Problem description: What is needed is an exact reproduction of the lines from the one that contains "HAKKARİ'NİN YÜKSEKOVA İLÇESİNDE" through the end of the data, both included and nothing else, with pictures omitted.

Provided information:
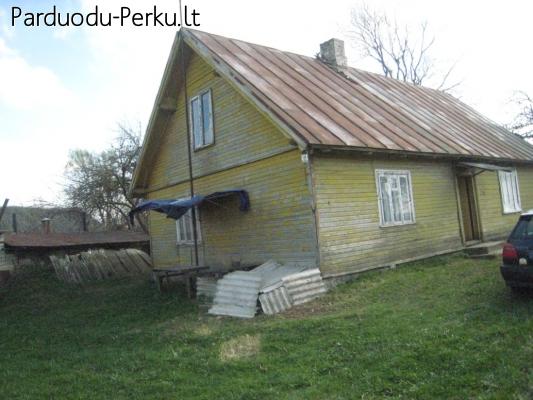 Parduodama sodyba su žeme Pakruojo rajone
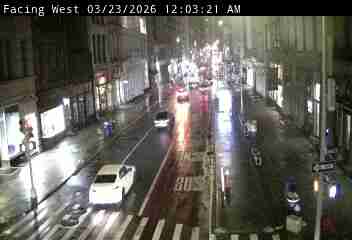 Grand Street @ Broadway live webcam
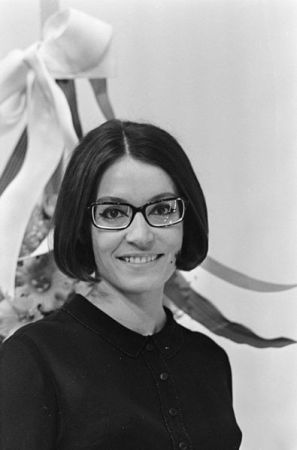 Nana Mouskouri Anfang Juni 1966; Rechteinhaber: Nationaal Archief (Den Haag, Rijksfotoarchief; Bestandsnummer: 919-2234); Urheber/Fotograf: Kroon, Ron / Anefo; Quelle: Wikimedia Commons;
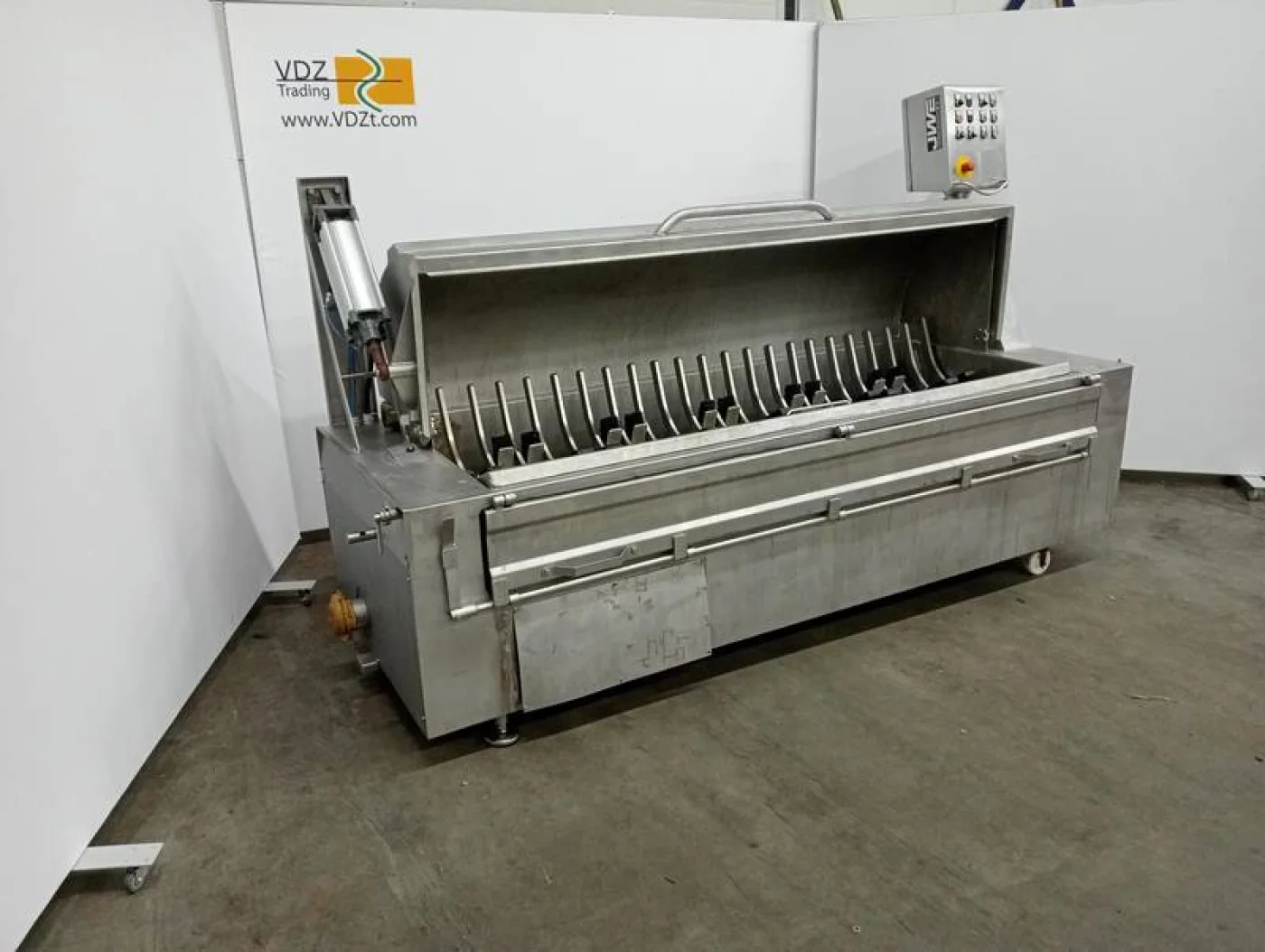 Scalding dehairing machine - 2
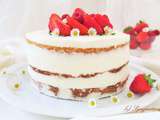 Naked Cake fruits rouges et sureau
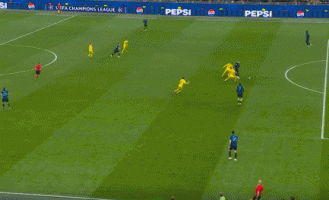 6.66亿换2.15预期进球！国米被5713万黑马羞辱，战犯失误葬送欧冠梦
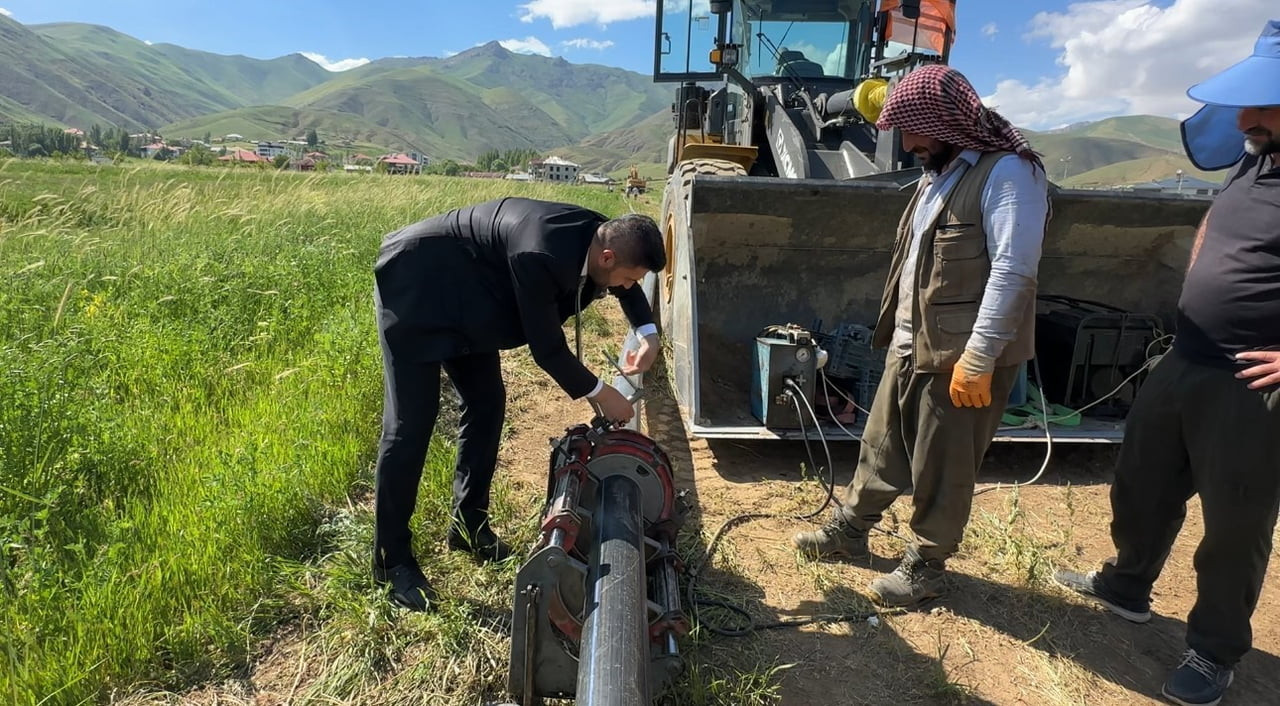 HAKKARİ'NİN YÜKSEKOVA İLÇESİNDE TARIMSAL ÜRETİMİ ŞAHLANDIRACAK VE BÖLGE EKONOMİSİNE CAN SUYU...
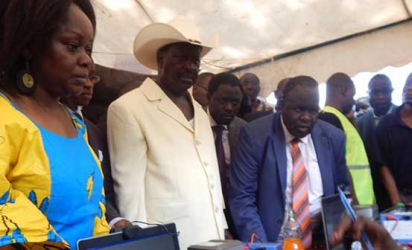 Raila urges MPs to skip Parliament sessions, mobilise voter registration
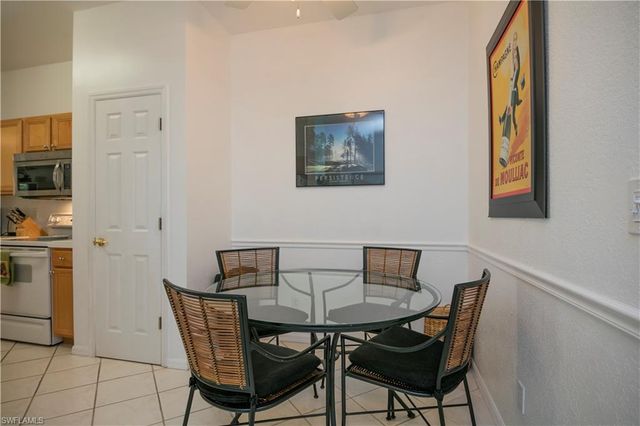3964 Bishopwood CT E 1-202, Naples, FL 34114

Response:
 HAKKARİ'NİN YÜKSEKOVA İLÇESİNDE TARIMSAL ÜRETİMİ ŞAHLANDIRACAK VE BÖLGE EKONOMİSİNE CAN SUYU...
 Raila urges MPs to skip Parliament sessions, mobilise voter registration
3964 Bishopwood CT E 1-202, Naples, FL 34114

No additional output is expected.